Caught the 10am bus to San Gil and enjoyed some stunning scenery and a comfy ride. The usual mix of people on the bus: middle aged women, couples and singletons. Arrived in San Gil at 6pm and walked through the cosy town square (totally heaving with people) to get to the Macondo hostel (run by an Aussie new age hippie fella called Shaun). After a week of dorm beds (smelly socks hanging near my nose, waking up at 4am when somebody lashed up accidentally walks in to the wrong room and turns the lights on, nearly falling on my head a few times trying to get down from the top bunk (acrobatic skills are a must for top bunks) and crazy queues for the bathroom it was time for some privacy. Took a single room ($12) and then chilled out in the communal area. Hammocks and beer.
Dinner in the main square was a few slices of pizza and a water. Early night tonight and have booked myself for some paragliding tomorrow (quite nervous about this but since my canopying and Tarzan swing experience in Costa Rica I seem to have conquered my fear of heights..nice).
Jan 5th - San Gil
It's well nice to be in a hot climate again. Bogota and especially the Sue hostel was freezing...here it’s damned hot. Just hung around chatting to other travellers waiting for my pickup for the paragliding at 1pm.
As is usual in these parts my pickup was late and at 1.30 with a bus full of Colombians I headed up a winding, high country road and after an hour reached the paragliding point.
I was under the impression that the glide would be above the waterfalls but I was wrong. Still, it was an amazing spot. After the organiser jotted everyone's weight down (lighter people first...so obviously I was going to be flying quite early on). Four hours later my name was called (shit...should have had a beer before). A helmet was donned and the paragliding instructor strapped me in and after tugging on the parachute ran over the edge of the hill.
What a feeling! The first few seconds of running and lift off are scary but after that it’s all peaceful gliding through the air like a bird. After 10 minutes of flying the instructor asked me something in Spanish to which I replied "si, si". I didn't fully understand what he meant but soon found out when he tilted the wing of the paraglider and we started freefalling towards ground (sheeeet that was great fun) and just when I thought I was a goner he pulled on the controls and we started lifting up on the air currents. That was worth every penny ($30) and a top experience for me.
Got chatting to a Colombian couple called Fernando and Lena and caught a lift back to town with them. Had a good drink with them and once again it was proved to me that one of many things Colombia is famous for is true (with a capital Tru).
Jan 6th - San Gil to Cucuta
A day of recovery and taking it easy. Got a night bus to catch at 7pm.
Wandered around a bit and chatted to the backpackers. It seems 90% of travellers go south via Ecuador...avoiding Venezuela deliberately. I'll see if their wrong to do that or not.
Caught night bus to Cucuta (7pm...arrived Cucuta at 5am). Quote from guidebook..."Warning, Cucuta and the surrounding area is a large area for smuggling and guerrilla activity.
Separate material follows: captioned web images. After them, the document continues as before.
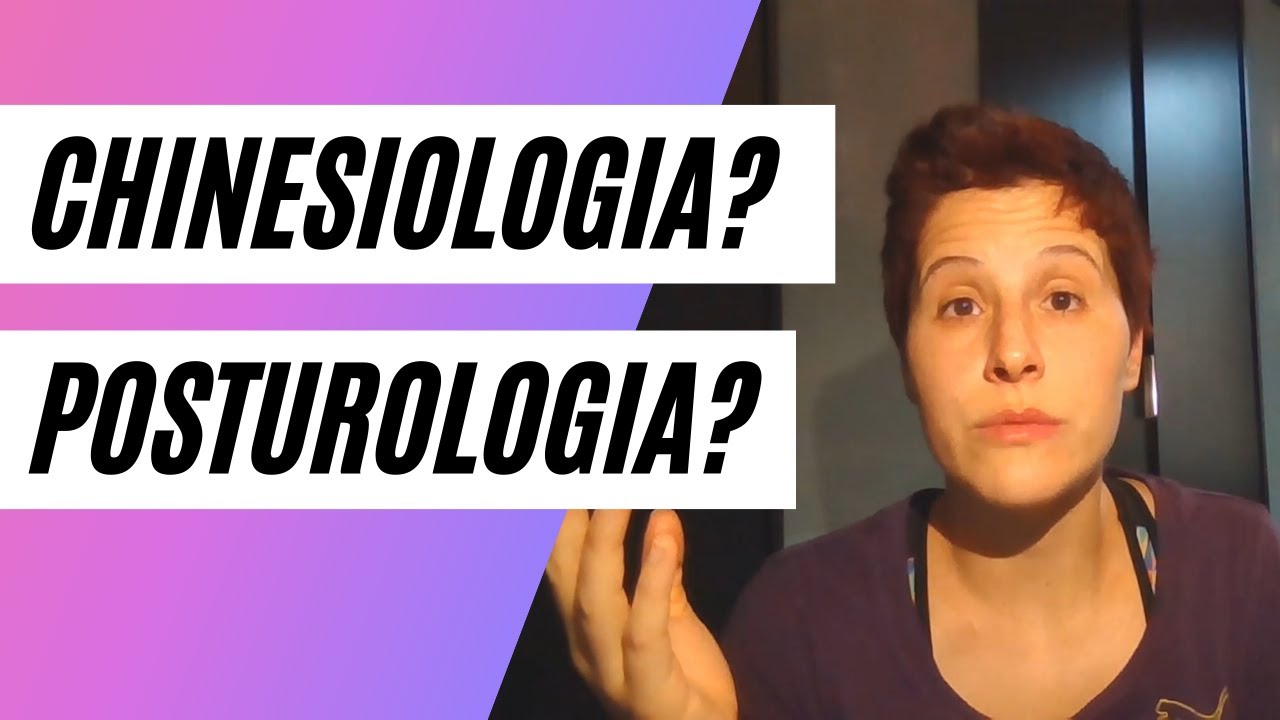 Chinesiologia/Posturologia/Posturale - Facciamo chiarezza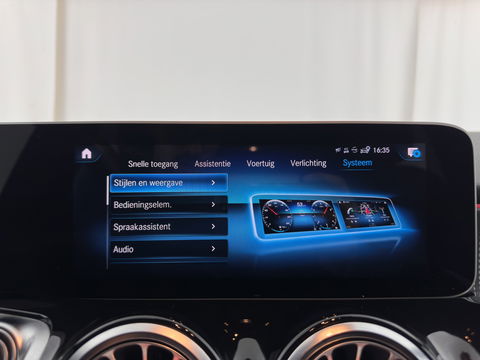 Mercedes-Benz GLB 180 d Business Solution Luxury [ 7-Pers. ] Aut. *LUXURY-LEATHER | FULL-LED | AMBIENT-LIGHT | WIDESCREEN-COCKPIT | HEATED-COMFORTSEATS | CAMERA | DAB+ | NAVI-FULLMAP | ECC | PDC | CRUISE | 18''ALU*
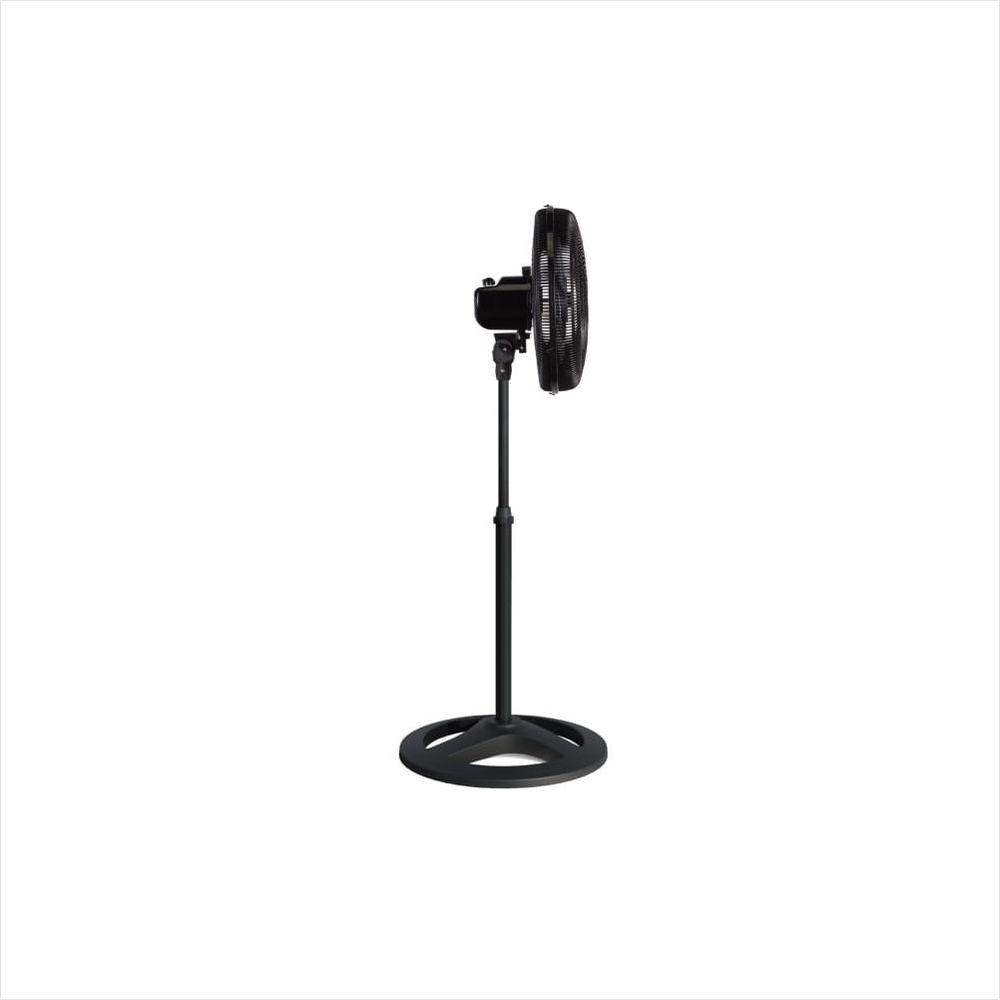Ventilador Oscilante de Coluna Turbo 40cm Preto 220V Premium Ventisol - 3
Be careful. The bus station is overrun with thieves and conmen who try every trick in the book" I agree...it’s a shithole. Luckily for me all the conmen were probably still tucked up in bed somewhere and didn't have any problems.
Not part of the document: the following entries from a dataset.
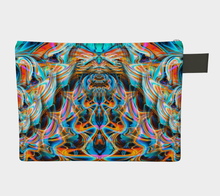 UNIVERSAL ENERGY SHIFT ZIPPER POUCH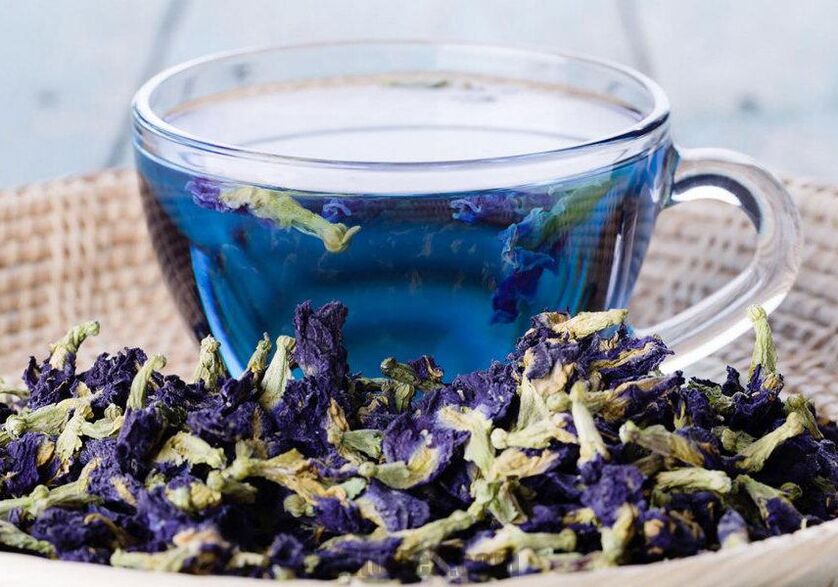 purple tea for weight loss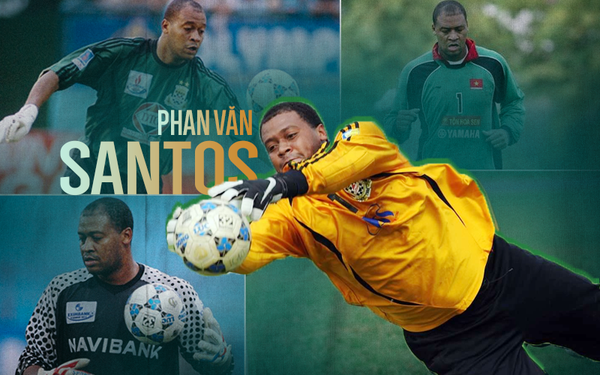'Người khổng lồ' Phan Văn Santos ra mắt ĐT Việt Nam, Ronaldinho và dàn sao Brazil phải vỗ tay tán thưởng - Ảnh 2.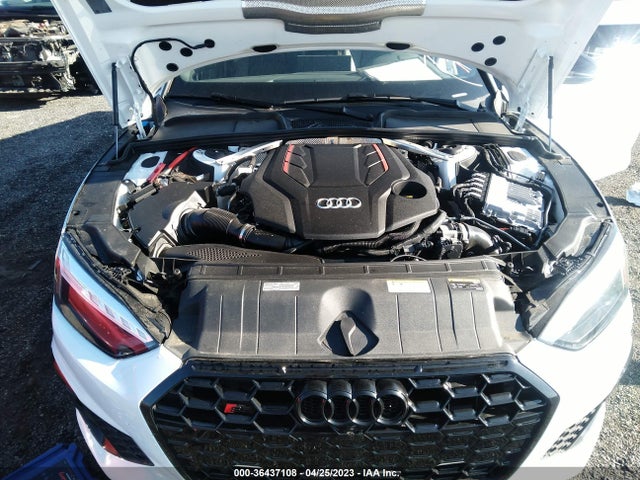 2023 Audi S5, VIN: WAUC4CF54PA006360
Changing the subject completely, reading an email from Hannah (the German biscuit girl) I heard news of a young American fella called Kevin that everyone was talking about when I was staying at the Plantation House. For future reference he will be known as Doughnut. A day before I arrived in Salento (Colombian coffee plantation area) the Doughnut decided to go trekking in the mountains. Everyone including Tim the hostel owner warned him against it (as mentioned in the previous blog it was pissing down every day). Not heeding any of the warnings off he went with 3 days food, a few clothes and no tent (apparently he was quite an arrogant adventurous type).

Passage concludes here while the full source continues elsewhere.